Decomposition of Permutations as Products of Transpositions

Decomposition of Permutations as Products of Transpositions

Recall from the Transposition Permutations page that if we have the $n$-element set $\{ 1, 2, ..., n \}$ then a transposition for this set is a cycle $\sigma$ of length $2$.

Also recall from the Decomposition of Permutations as Products of Disjoint Cycles page that if $\sigma$ is a permutation of the $n$-element set $\{ 1, 2, ..., n \}$ and if $\sigma$ is not the identity bijection then $\sigma$ can be written as a single cycle or a finite product of disjoint cycles.

Once again consider the set $\{ 1, 2, 3, 4, 5 \}$ and the transpositions $(12)$ and $(13)$ given by:

(1)
\begin{align} \quad (12) = \begin{pmatrix} 1 & 2 & 3 & 4 & 5\\ 2 & 1 & 3 & 4 & 5 \end{pmatrix} , \quad (13) = \begin{pmatrix} 1 & 2 & 3 & 4 & 5\\ 3 & 2 & 1 & 4 & 5 \end{pmatrix} \end{align}

Now consider the compositions $(12) \circ (13)$ and $(13) \circ (12)$. We have that:

(2)
\begin{align} \quad (12) \circ (13) = \begin{pmatrix} 1 & 2 & 3 & 4 & 5\\ 3 & 1 & 2 & 4 & 5 \end{pmatrix} , \quad (13) \circ (12) = \begin{pmatrix} 1 & 2 & 3 & 4 & 5\\ 2 & 3 & 1 & 4 & 5 \end{pmatrix} \end{align}

Notice that $(12) \circ (13) = (132)$ and $(13) \circ (12) = (123)$. The composition of these two transpositions is actually a cycle.
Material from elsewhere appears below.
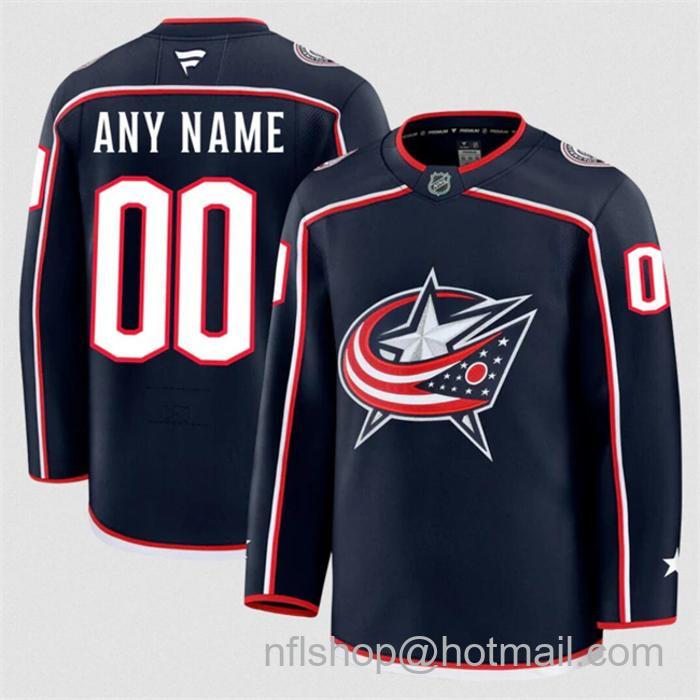 Customized Men's Columbus Blue Jackets Navy 2024-25 Home Stitched Hockey Jersey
Conveniently enough, if $(a_1a_2...a_s)$ is a cycle of length $s$ of $\{ 1, 2, ..., n \}$ then:

(3)
\begin{align} \quad (a_1a_2...a_s) = (a_sa_{s-1}) \circ (a_sa_{s-2}) \circ ... \circ (a_sa_2) \circ (a_sa_1) \end{align}

Let's verify the formula above using the previous example. Using the formula for the composition of $(12)$ and $(13)$ in this particular order gives us $(12) \circ (13) = (321)$. Note that $(321)$ implies that $\sigma(3) = 2$, $\sigma(2) = 1$, and $\sigma(1) = 3$. Rearranging these equations gives us $\sigma(1) = 3$, $\sigma(3) = 2$, and $\sigma(2) = 1$, and hence $(321) = (132)$, so $(12) \circ (13) = (132)$.
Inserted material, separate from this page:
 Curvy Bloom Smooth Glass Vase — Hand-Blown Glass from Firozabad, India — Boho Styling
Similarly, using the formula for the composition of $(13)$ and $(12)$ in this particular order and we get that $(13) \circ (12) = (231)$. Therefore $\sigma(2) = 3$, $\sigma(3) = 1$, and $\sigma(1) = 2$, which when rearranged gives us $\sigma(1) = 2$, $\sigma(2) = 3$, and $\sigma(3) = 1$, so $(231) = (123)$ and therefore $(13) \circ (12) = (123)$.
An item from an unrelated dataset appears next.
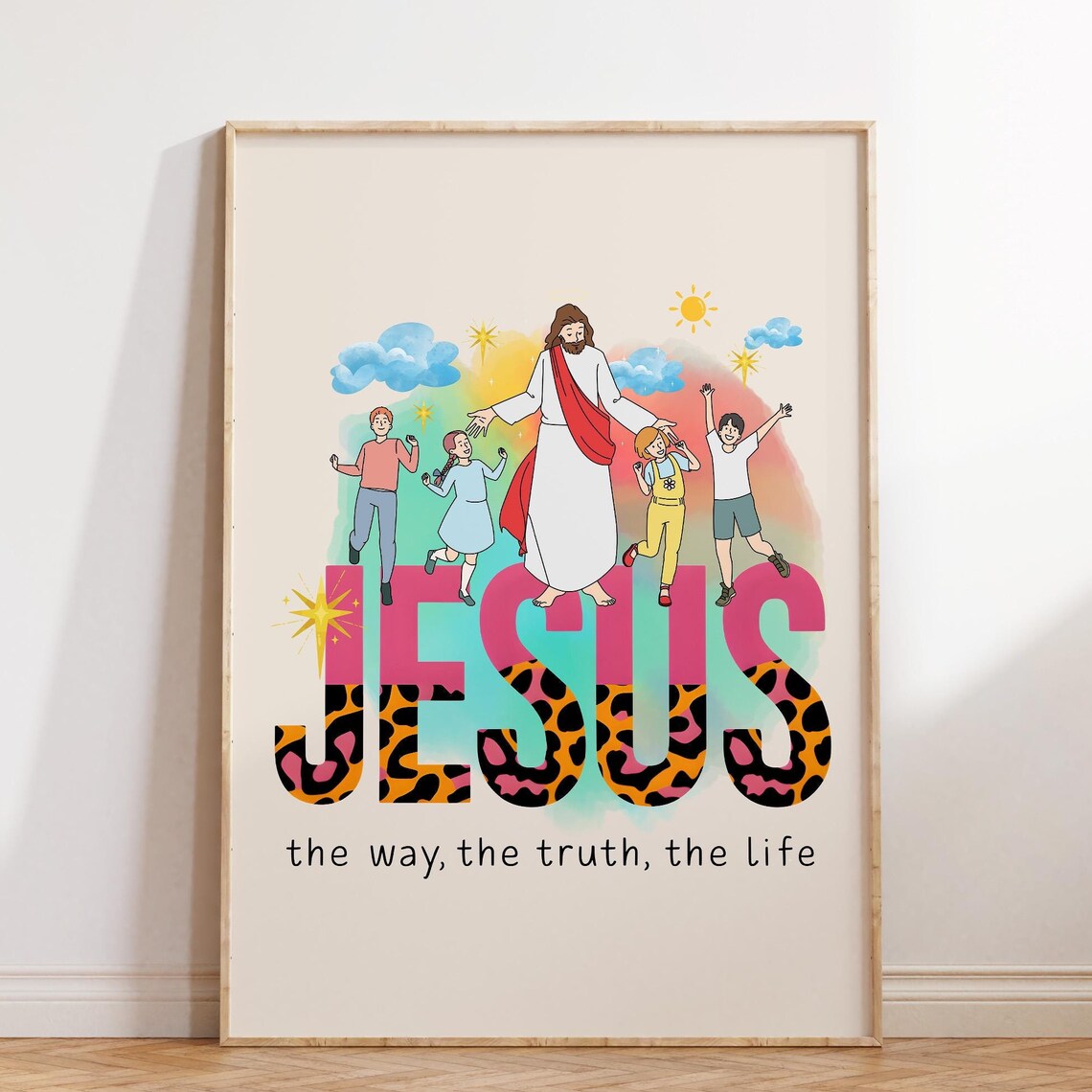 Jesus the Way the Truth the Life Colorful Kids Christian Poster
Consequentially, since every permutation can be written as a product of (disjoint) cycles, then we can take all of these cycles and rewrite them as a product of transpositions to get that every permutation can be written as a product of transpositions. It is important to note that though every permutation can be written as a product of transpositions that the product is not necessary unique.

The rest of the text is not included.